# Problem details
For this exercise, restate word for word only the lines from the one containing "На фото жемчужина" through the last line below. Pictures do not get copied.

[Start of Attachment]

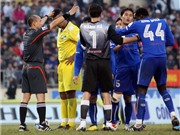 Bóng đá anh, ngoại hạng anh, lịch thi đấu euro 2012, Từ sai lầm của trọng tài Ngô Quốc Hưng: Phận kiến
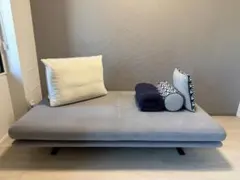 極美品 57万 ligne roset プラド ソファ 2PS シングルベッド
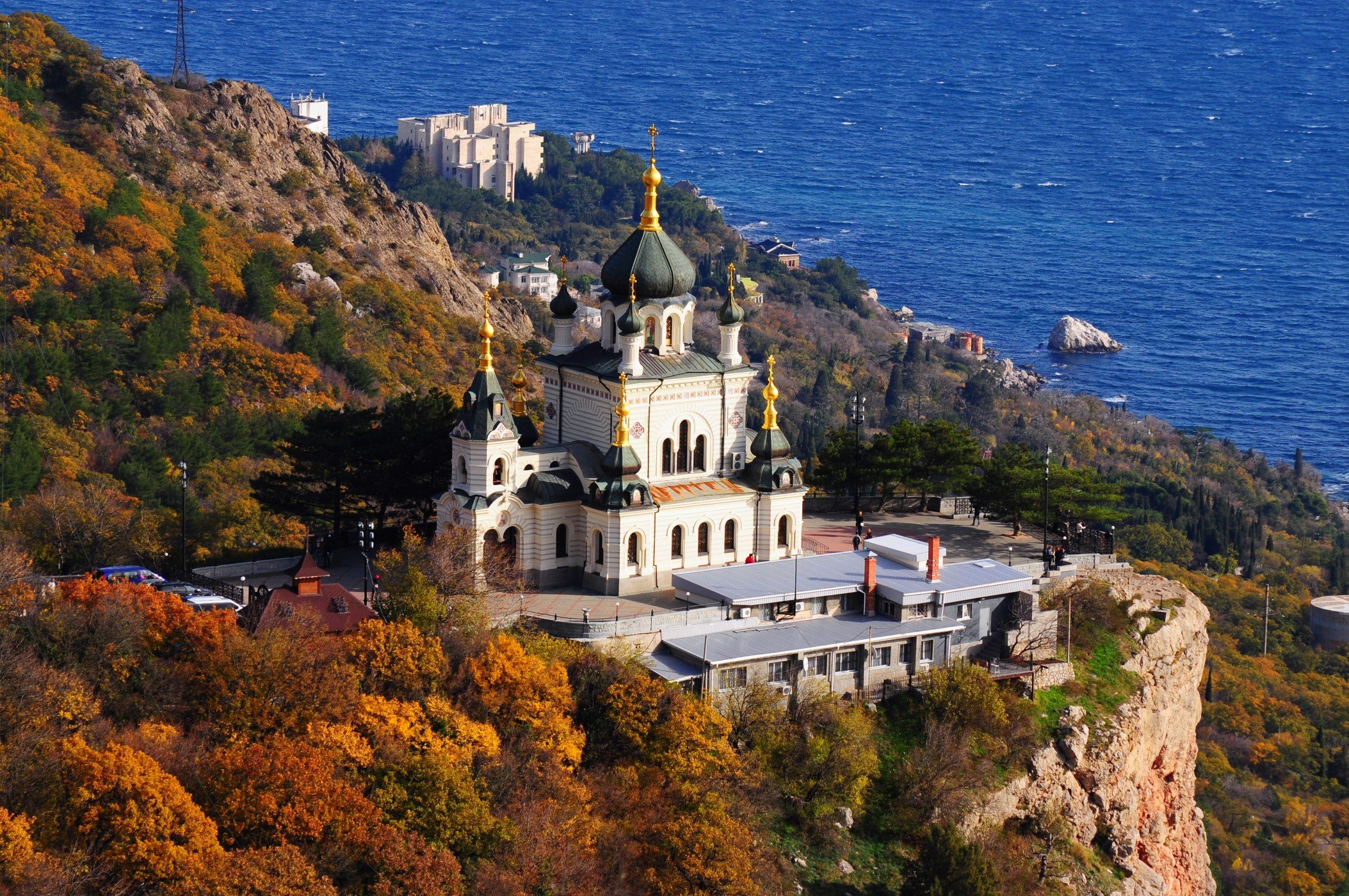 На фото жемчужина Крыма - Форосская церковь Воскресения Христова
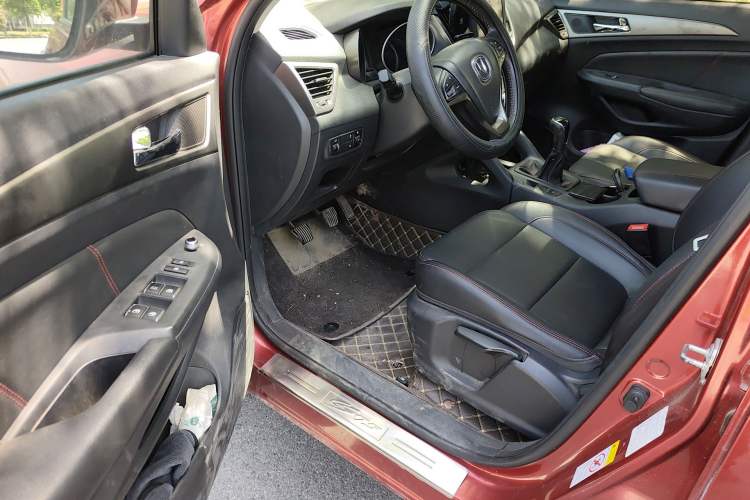 Used CHANGAN CS75 2014 2.0L Manual Luxury Version China IV Standard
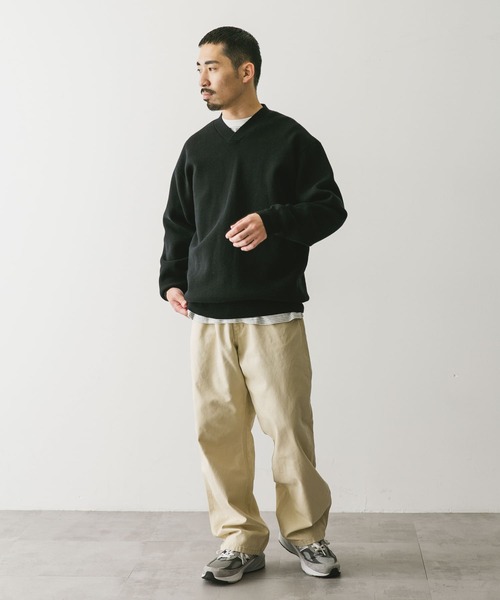 URBAN RESEARCH DOORS(アーバンリサーチドアーズ)の「『洗濯可』ミラノリブ Vネックニット(ニット/セーター・メンズ・グレー/ブラック・MEDIUM/LARGE)」の9枚目の写真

[End of Attachment]

# Solution below
 На фото жемчужина Крыма - Форосская церковь Воскресения Христова
 Used CHANGAN CS75 2014 2.0L Manual Luxury Version China IV Standard
 URBAN RESEARCH DOORS(アーバンリサーチドアーズ)の「『洗濯可』ミラノリブ Vネックニット(ニット/セーター・メンズ・グレー/ブラック・MEDIUM/LARGE)」の9枚目の写真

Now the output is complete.